FURTHERMORE
By Gerry Moran
So, who are the male, Hollywood heart-throbs of today? I honestly don’t know and don’t care. But whoever they are – they cannot hold a candle to the greatest Hollywood heart-throb of all time – RudolphValentino. His full name was Rodolfo Alfonzo Raffaelo Pierre Filibert Gugliemi di Valentina D’Antonguolla. A mouthful for sure. Yet within five short years Rudolf Valentino would dominate silent movies and fuel the fantasies of women all over the world.
Born in 1895 in the Italian town of Castellaneta, Valentino was a wild youth whose escapades frequently found him locked out of his home and occasionally locked up in jail. He failed to gain admission to a naval academy and set off for Paris where he begged on the streets to keep body and soul together.
In 1913 Valentino arrived in New York aged 18. Penniless, with no English, his only asset was his suave Italian charm which he put to use as a dancing partner for unescorted ladies at Manhattan cabarets.
Valentino’s big break came in 1921 when he landed a role in The Four Horsemen Of The Apocalypse which was a huge success.
Valentino was now 26. By the time of his death at 31 he would complete 14 films and become the Screen Lover of the 1920s – a meteoric rise to fame by Hollywood standards.
Valentino, however, wasn’t an empty-headed screen idol. At the height of his wealth and fame he collected rare books, was a talented linguist, an accomplished horseman and wrote a book of poems entitled Daydreams. Married twice, he narrowly escaped arrest for bigamy, as his first marriage was not dissolved before he wed the second Mrs Valentino. Valentino was about to marry for a third time when he died of a ruptured appendix on August 23, 1926 in New York.
The events that claimed his life began on Saturday, August 14, 1926 while he was resting at New York’s Hotel Ambassador. Valentino felt sudden pain in his stomach, fell to the floor in agony but refused, however, to go to a hospital. When his temperature soared the next day he was taken to hospital; unfortunately Valentino’s appendix had ruptured and infection spread rapidly throughout his system.
When it was announced that he might not recover mass hysteria ensued. Women, teenagers and adults, wept openly while hundreds promised to kill themselves if Valentino died.

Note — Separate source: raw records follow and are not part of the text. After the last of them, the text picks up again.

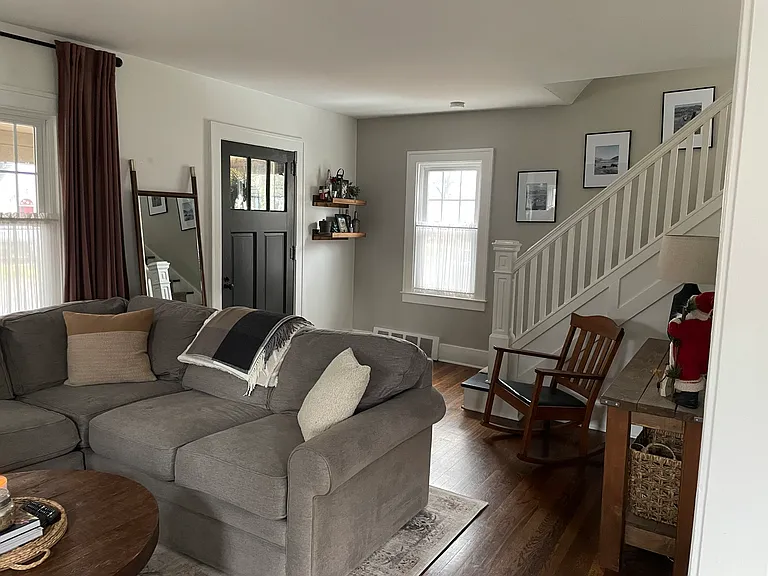 812 Maplegrove Ave — Photo 8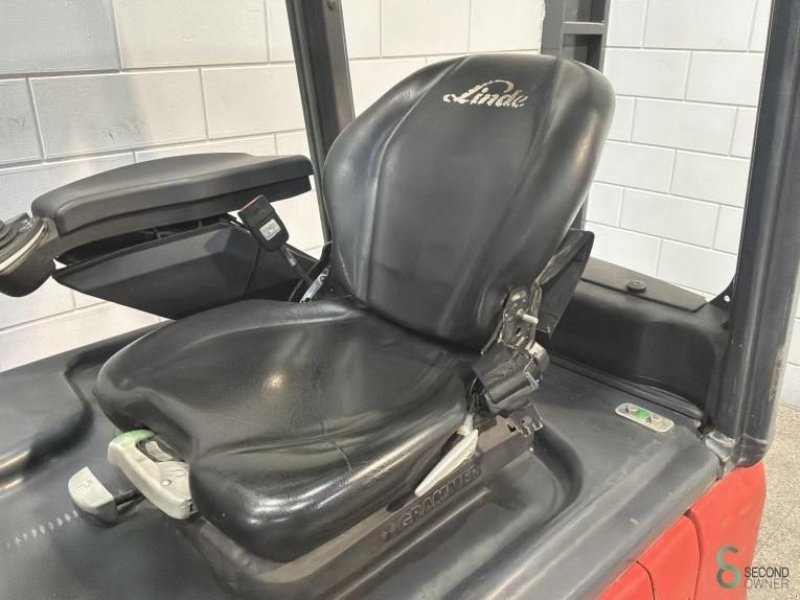 Frontstapler a típus Linde E20PHL-01, Gebrauchtmaschine ekkor: Wijchen (Kép 11)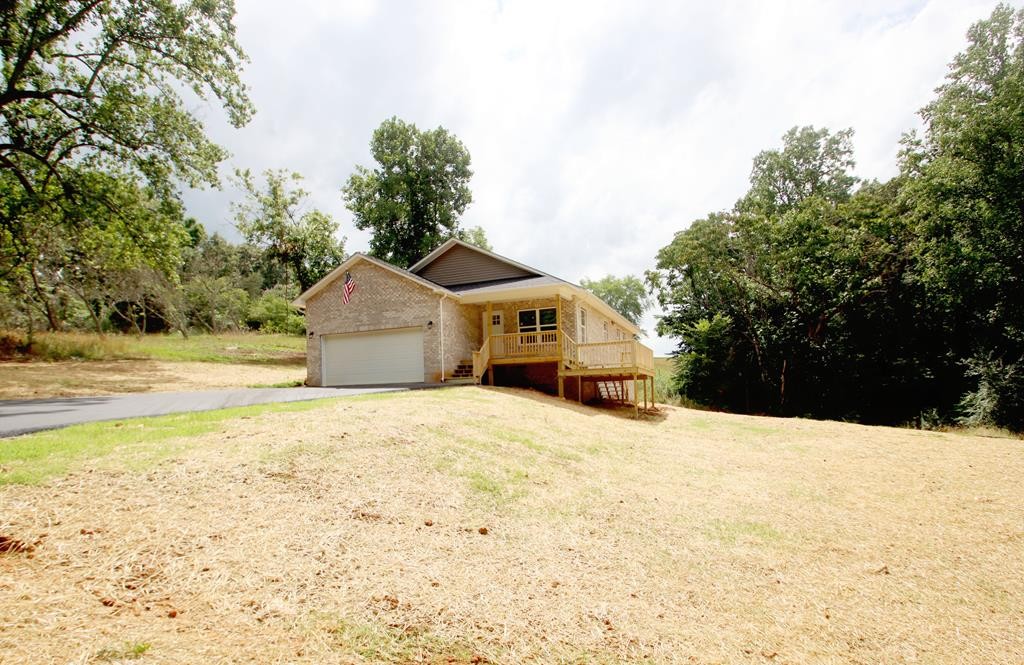 485 Crossvine Road Sparta, TN 38583 - Photo 1 of 17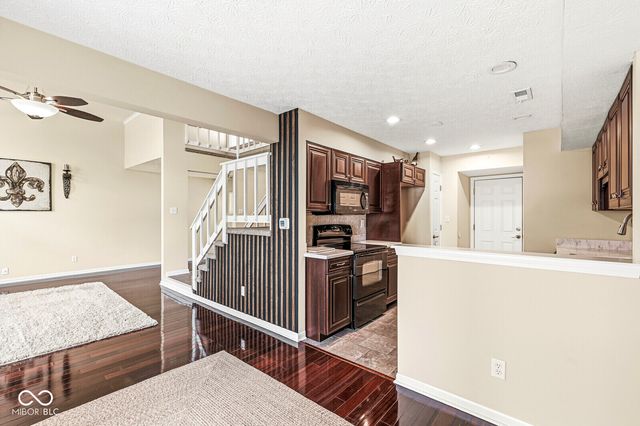 4613 Framington Court, Indianapolis, IN 46254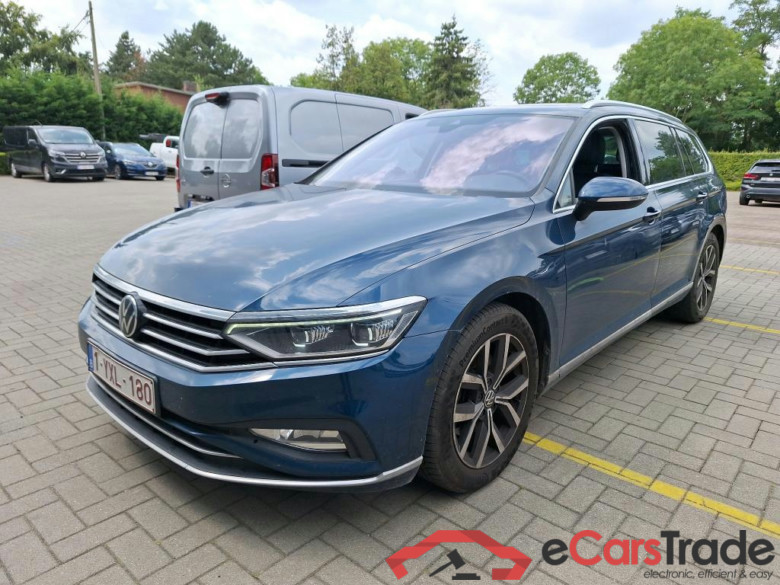 VOLKSWAGEN - VW  PASSAT VARIANT TSI 150PK DSG7 Elegance Business Pack Adventure & Heated Steering Wheel & Travel Assist & Pano Roof & Electric Trailer hook  * PETROL *
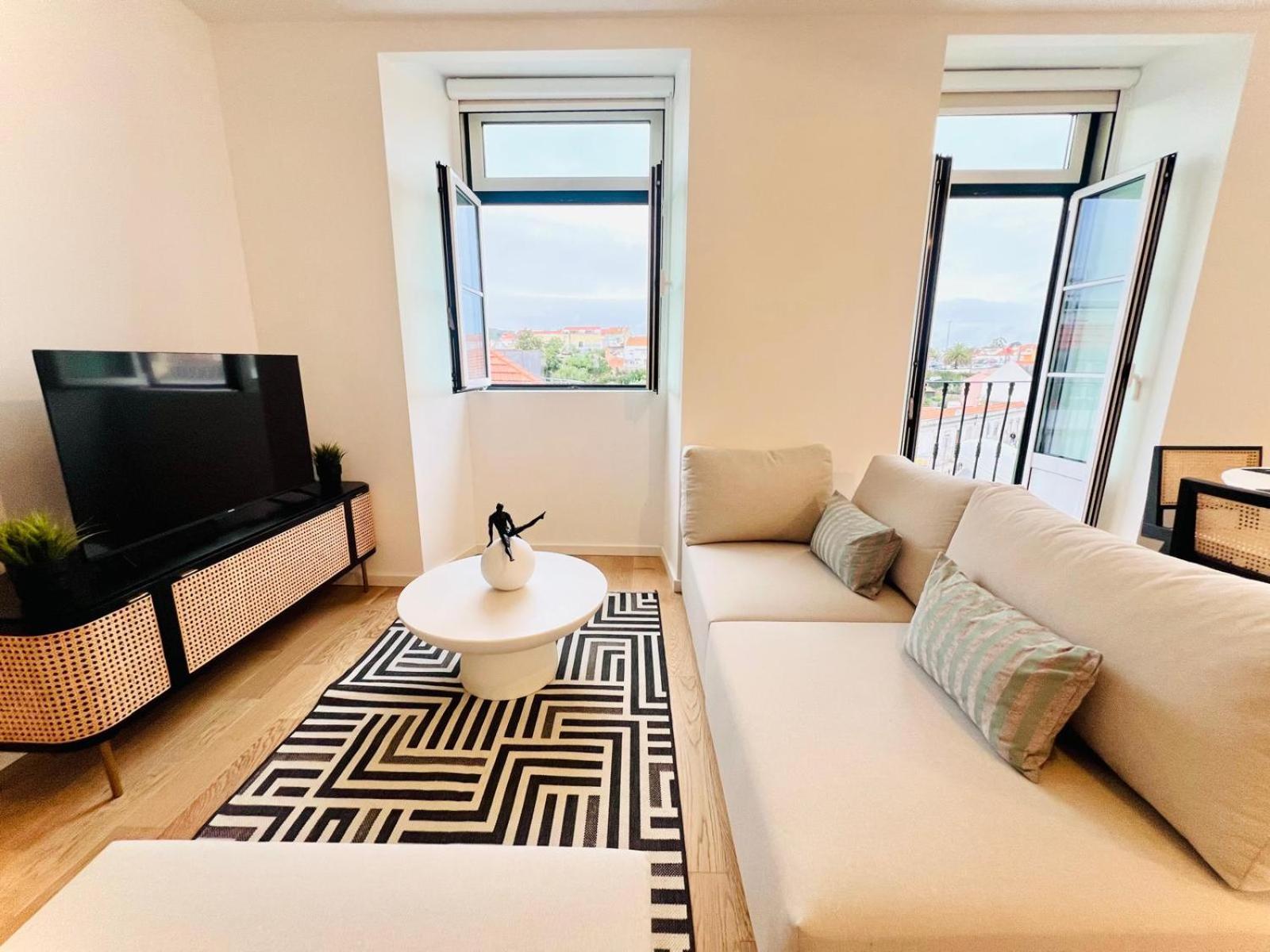 Lisbon Pink House II Beautiful 2 Bedroom Flat In City Center Екстер'єр фото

The hospital issued press releases hourly. For eight days suspense built as the public fed on bulletins alternating between hope and despair. On August 23 RudolphValentino, the world’s great lover, died – struck down at the height of his fame. The public viewing of his body on August 24 caused pandemonium. The New York Times reported that “the rioting was without precedent”. Fearing souvenir hunters might strip the corpse of clothes and jewellery, the funeral director ordered the bronze casket closed; the crowd stripped the funeral home instead.

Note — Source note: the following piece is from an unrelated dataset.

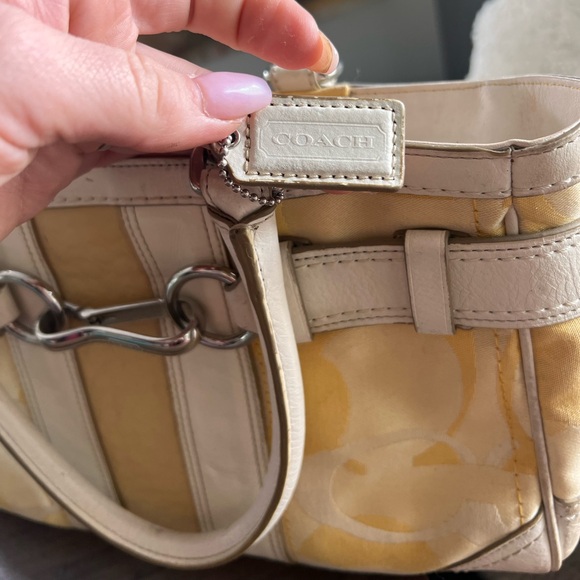 Coach Hampton Optic Signature Stripe Carryall Shoulder Bag Spring Yellow - Picture 10 of 16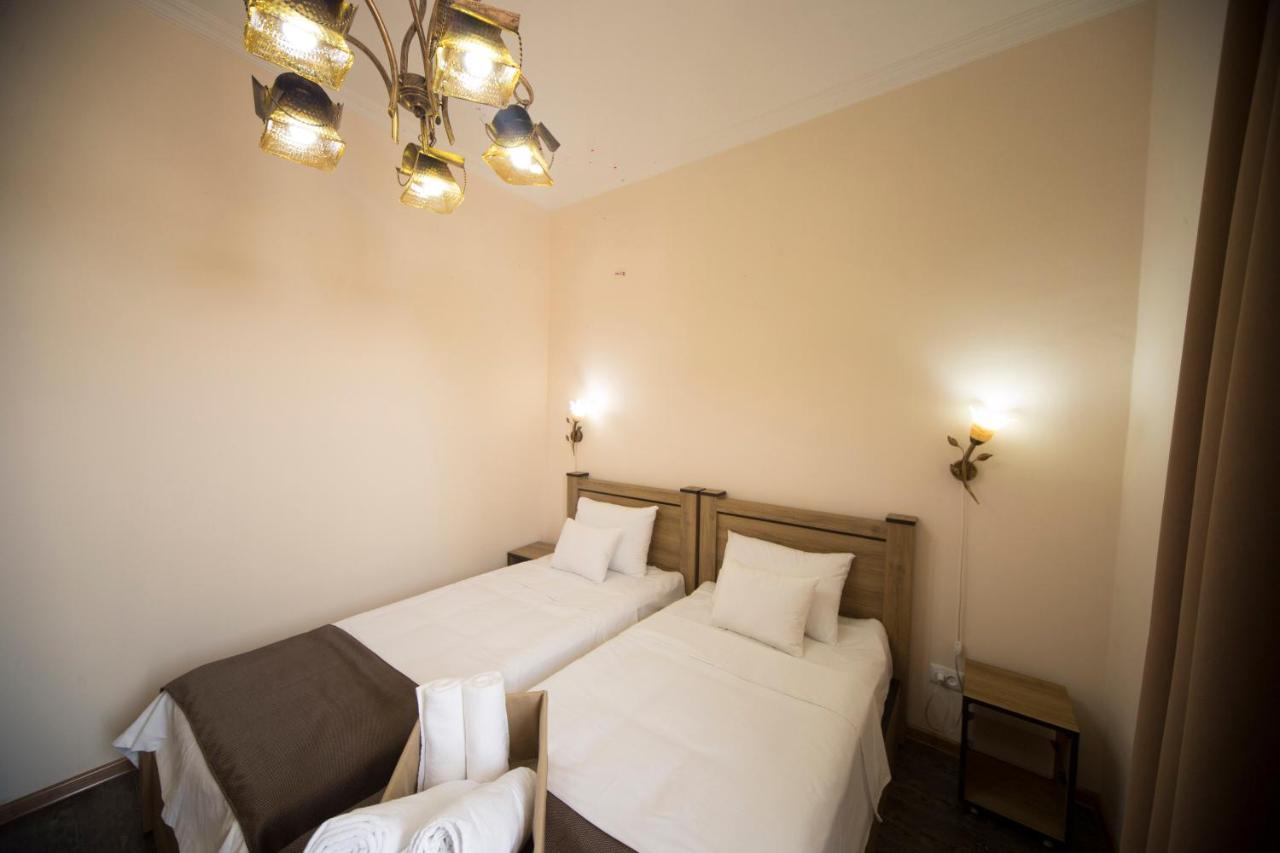 Log Inn Boutique Hotel Tbilisi Eksteriør billede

The second day his body lay in state, similar rioting took place on the streets of New York. The crowd numbered around 50,000. Most of these were screaming, crying women, young and old. People were pushed and trampled on, shop windows were smashed and cars were overturned!
Rudolph Valentino’s death had repercussions world-wide. A British actress, clutching a batch of love poetry she had written about Valentino, took a lethal dose of poison. A New York housewife fatally shot herself while cradling a collection of Valentino photos to her breast. In Japan two forlorn fans leaped into a volcano. In Italy, Mussolini, appealed to women to pray for the great idol but not to attempt to join him.
For years after Valentino’s demise a mysterious ‘Lady in Black’ laid a red rose on his grave on the anniversary of his death. In the 1950s this lady revealed her identity. A musician called Ditra Flame, she explained how, at 14 years of age, Valentino had visited her in hospital when she was gravely ill. Valentino promised her that if she died he would place a rose on her grave every day.
She lived, he died and she placed a rose on his grave every anniversary of his death.
Can’t imagine anything like that happening with the demise of any of our present-day Hollywood heart-throbs.